What you should do »
Reproduce exactly, with no other output, every line of the data below from the line containing "Simple black outline" to the end, inclusive.

Information given »
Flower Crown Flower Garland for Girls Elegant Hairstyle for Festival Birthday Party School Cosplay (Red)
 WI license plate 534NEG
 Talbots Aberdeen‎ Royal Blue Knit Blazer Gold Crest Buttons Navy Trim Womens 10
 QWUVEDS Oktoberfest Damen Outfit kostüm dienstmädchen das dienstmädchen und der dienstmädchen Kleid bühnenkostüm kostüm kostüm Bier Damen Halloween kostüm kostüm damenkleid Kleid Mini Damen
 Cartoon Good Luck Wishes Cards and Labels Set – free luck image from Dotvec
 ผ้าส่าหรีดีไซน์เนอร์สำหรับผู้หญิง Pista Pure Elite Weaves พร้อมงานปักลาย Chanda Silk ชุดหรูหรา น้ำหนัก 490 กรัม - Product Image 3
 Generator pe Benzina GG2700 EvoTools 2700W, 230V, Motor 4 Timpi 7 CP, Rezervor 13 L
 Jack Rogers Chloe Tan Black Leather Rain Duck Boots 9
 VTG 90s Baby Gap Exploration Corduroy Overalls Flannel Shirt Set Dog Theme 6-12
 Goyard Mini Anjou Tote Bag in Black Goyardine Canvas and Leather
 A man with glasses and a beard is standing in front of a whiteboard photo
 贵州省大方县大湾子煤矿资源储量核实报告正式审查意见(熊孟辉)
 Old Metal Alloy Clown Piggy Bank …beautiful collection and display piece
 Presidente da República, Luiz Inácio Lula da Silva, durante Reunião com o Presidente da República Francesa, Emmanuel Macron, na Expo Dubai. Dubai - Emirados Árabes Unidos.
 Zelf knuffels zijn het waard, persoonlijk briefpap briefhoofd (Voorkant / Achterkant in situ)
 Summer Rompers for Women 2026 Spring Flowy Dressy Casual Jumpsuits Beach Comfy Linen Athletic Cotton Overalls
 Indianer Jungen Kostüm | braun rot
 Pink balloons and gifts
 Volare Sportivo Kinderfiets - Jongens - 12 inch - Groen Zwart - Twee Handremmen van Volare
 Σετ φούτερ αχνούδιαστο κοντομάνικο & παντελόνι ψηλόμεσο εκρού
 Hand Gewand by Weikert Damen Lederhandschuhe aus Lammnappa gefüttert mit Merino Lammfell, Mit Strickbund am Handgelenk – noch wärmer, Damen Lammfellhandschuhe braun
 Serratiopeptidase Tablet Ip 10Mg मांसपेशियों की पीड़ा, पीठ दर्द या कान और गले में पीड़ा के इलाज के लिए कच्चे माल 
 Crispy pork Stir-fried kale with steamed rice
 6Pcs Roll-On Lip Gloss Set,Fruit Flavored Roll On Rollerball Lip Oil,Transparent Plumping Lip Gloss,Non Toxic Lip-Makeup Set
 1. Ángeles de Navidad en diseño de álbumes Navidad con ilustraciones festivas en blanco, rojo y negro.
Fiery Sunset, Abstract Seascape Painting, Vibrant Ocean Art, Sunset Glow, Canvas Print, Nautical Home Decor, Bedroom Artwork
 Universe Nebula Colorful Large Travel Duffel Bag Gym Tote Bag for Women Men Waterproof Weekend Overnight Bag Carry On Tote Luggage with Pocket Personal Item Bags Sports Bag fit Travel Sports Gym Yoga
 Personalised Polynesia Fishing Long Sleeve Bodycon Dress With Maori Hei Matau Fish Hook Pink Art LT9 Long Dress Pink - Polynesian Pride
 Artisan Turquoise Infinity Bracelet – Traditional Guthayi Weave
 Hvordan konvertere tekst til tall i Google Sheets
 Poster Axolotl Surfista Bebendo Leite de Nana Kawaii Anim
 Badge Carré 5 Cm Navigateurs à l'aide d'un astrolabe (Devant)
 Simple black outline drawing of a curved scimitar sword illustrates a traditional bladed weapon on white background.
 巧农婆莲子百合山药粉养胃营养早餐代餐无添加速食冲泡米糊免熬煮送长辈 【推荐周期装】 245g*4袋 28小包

Answer to this task »
 Simple black outline drawing of a curved scimitar sword illustrates a traditional bladed weapon on white background.
 巧农婆莲子百合山药粉养胃营养早餐代餐无添加速食冲泡米糊免熬煮送长辈 【推荐周期装】 245g*4袋 28小包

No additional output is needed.